If you want the AI to avoid such plans, it needs to have a concept of “non-extreme” that agrees with our intuitions more reliably. As far as I understand, that’s pretty much the friendly AI problem.
I think it’s simpler, but not by much. Instead of knowing both the value and cost of everything, you just need to know the cost of everything. (The ‘actual’ cost, that is, not the full economic cost, which by including opportunity cost includes the value problem.) You could probably get away with an approximation of the cost, though a guarantee like “at least as high as the actual cost” is probably helpful.
So if Lawrence says “I’ll pay up to $10 for a hamburger,” either it can find a plan that provides Lawrence a hamburger for less than $10 (gross cost, not net cost), or it says “sorry, can’t find anything at that price range.”
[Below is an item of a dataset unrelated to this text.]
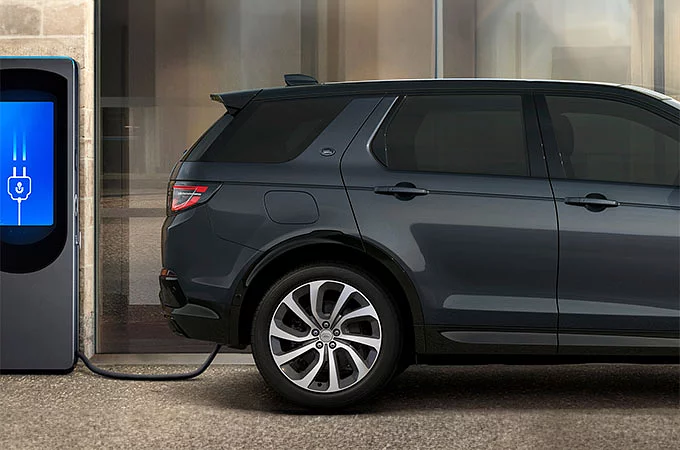 Discovery sport standing at charging Phev point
I think there’s a huge amount of work to get there—you have to have an idea of ‘gross cost’ that matches up well enough with our intuitions, which is an intuition-encoding problem and thus hard. (If it tweets at the local burger company to get a coupon for a free burger, what’s the cost?)
I’ve since edited my comment to agree with you. That said...
That’s the friendly AI problem. Maybe it can be solved by defining a metric on the solution space and making the AI stay close to a safe point, but I don’t know how to define such a metric. Clicking a link seems like a non-extreme action. It might have extreme consequences, but that’s true for all actions. Hitler’s genetic code was affected by the flapping of a butterfly’s wings across the world.